■ **PROBLEM**
Take from the entries below the stretch from the line with "Capa Para Almofada" through the line with "آپارتمان پنجاه و", and return it exactly, leaving the pictures out.

**** RAW DATA

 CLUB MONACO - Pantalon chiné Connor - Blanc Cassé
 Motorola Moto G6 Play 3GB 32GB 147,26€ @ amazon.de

********
**** RAW DATA

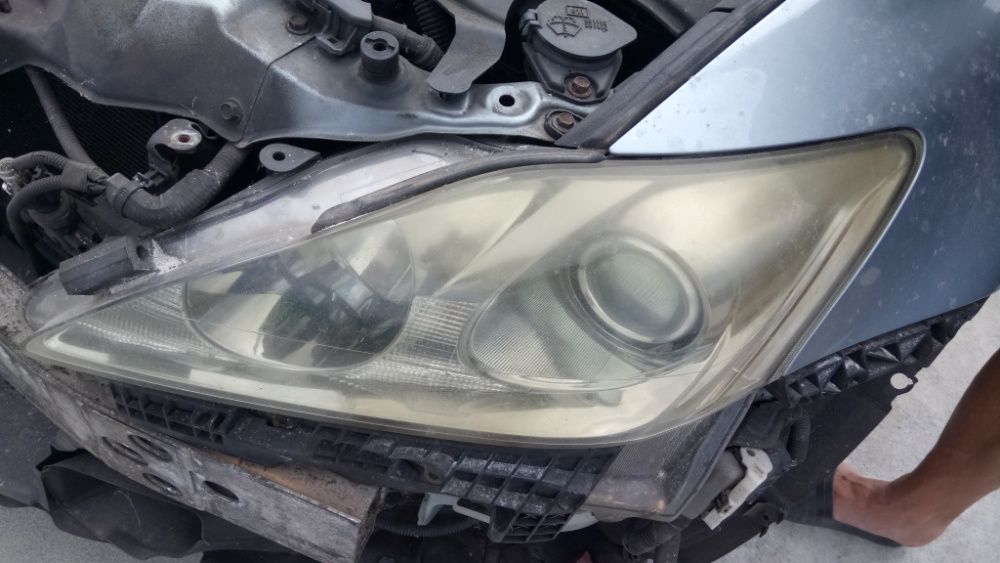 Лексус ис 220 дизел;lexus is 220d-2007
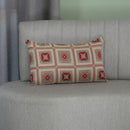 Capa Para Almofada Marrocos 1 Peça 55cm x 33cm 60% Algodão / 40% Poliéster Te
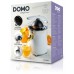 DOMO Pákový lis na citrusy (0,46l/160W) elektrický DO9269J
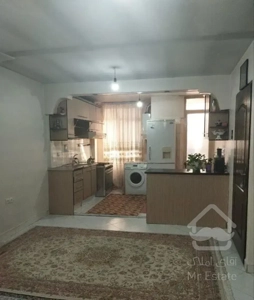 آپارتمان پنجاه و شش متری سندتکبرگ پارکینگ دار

********

■ **SOLUTION TO THIS TASK**
 Capa Para Almofada Marrocos 1 Peça 55cm x 33cm 60% Algodão / 40% Poliéster Te
 DOMO Pákový lis na citrusy (0,46l/160W) elektrický DO9269J
 آپارتمان پنجاه و شش متری سندتکبرگ پارکینگ دار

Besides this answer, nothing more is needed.